A conventional dysfunctional-family tale that gets over on the author’s firm command of language and his characters’...

A busted marriage, gay prostitution, a potential murder charge—what’s a nice Texas family doing in a state like this?

Porter’s absorbing debut novel chronicles the slow-motion fracture of an upper-middle-class Houston clan. Elson, a well-regarded architect, has recently split from his wife, Cadence, and both are clumsily pursuing new relationships. Their son, Richard, is a promising young gay poet who’s uncertain about how much he wants to commit to his art.
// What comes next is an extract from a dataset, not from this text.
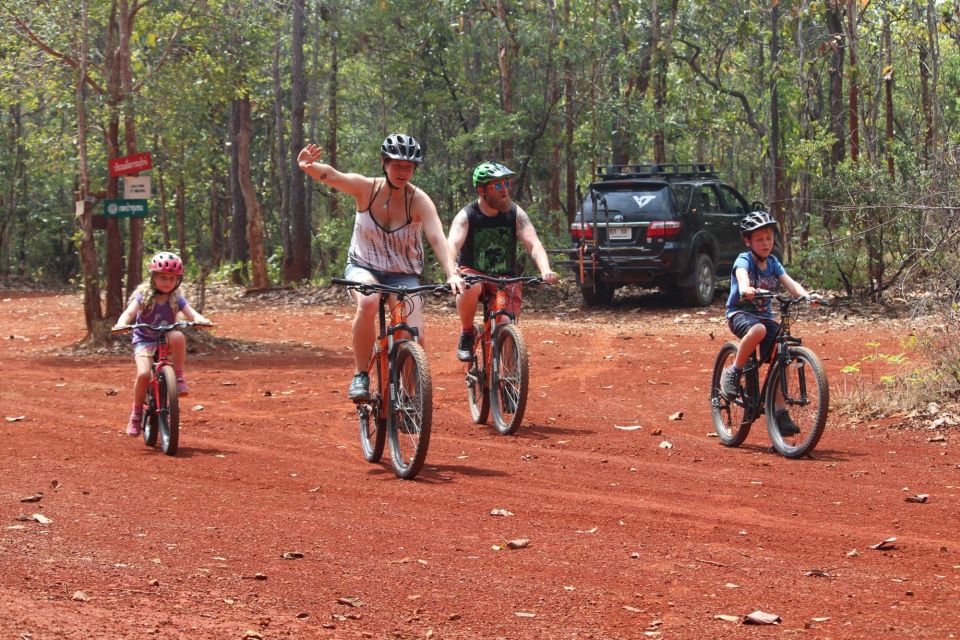 Chiang Mai: Boat Ride and Cycling Tour to Sticky Waterfall - Exploring Sticky Waterfall Cascades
But the real problem is their daughter, Chloe, who’s been suspended from college under obscure circumstances. As Porter (The Theory of Light and Matter, 2008) cycles through each family member’s inner life, their turmoil becomes more pronounced, and it becomes clear just what a heap of trouble Chloe is in: Her boyfriend, Raja, was involved in the violent beating of a fellow student who was bullying him, and Chloe’s efforts to protect Raja have attracted police attention. The prose is smooth—practically frictionless, thanks to Porter’s realistic yet meaningful dialogue and his plainspoken, nonjudgmental descriptions. (Porter operates in a practically metaphor-free universe.) Such simplicity can be to the book’s detriment—the emotional conflicts, particularly between Elson and Cadence, sometimes feel undramatic and shopworn. Porter is on much firmer footing with Chloe and Richard: Every chapter in which they appear is more tense, defined by the clattering of existential questions they ponder. Porter wants to explore why we take such firm hold of some parts of our emotional lives but willfully neglect others, and his surprise ending suggests why it’s worth breaking free of others’ definitions of emotional attainment. The plot strains credulity in its later chapters, as Chloe disappears, and Richard is willing to do anything to help, but Porter’s cool tone helps sell the story. 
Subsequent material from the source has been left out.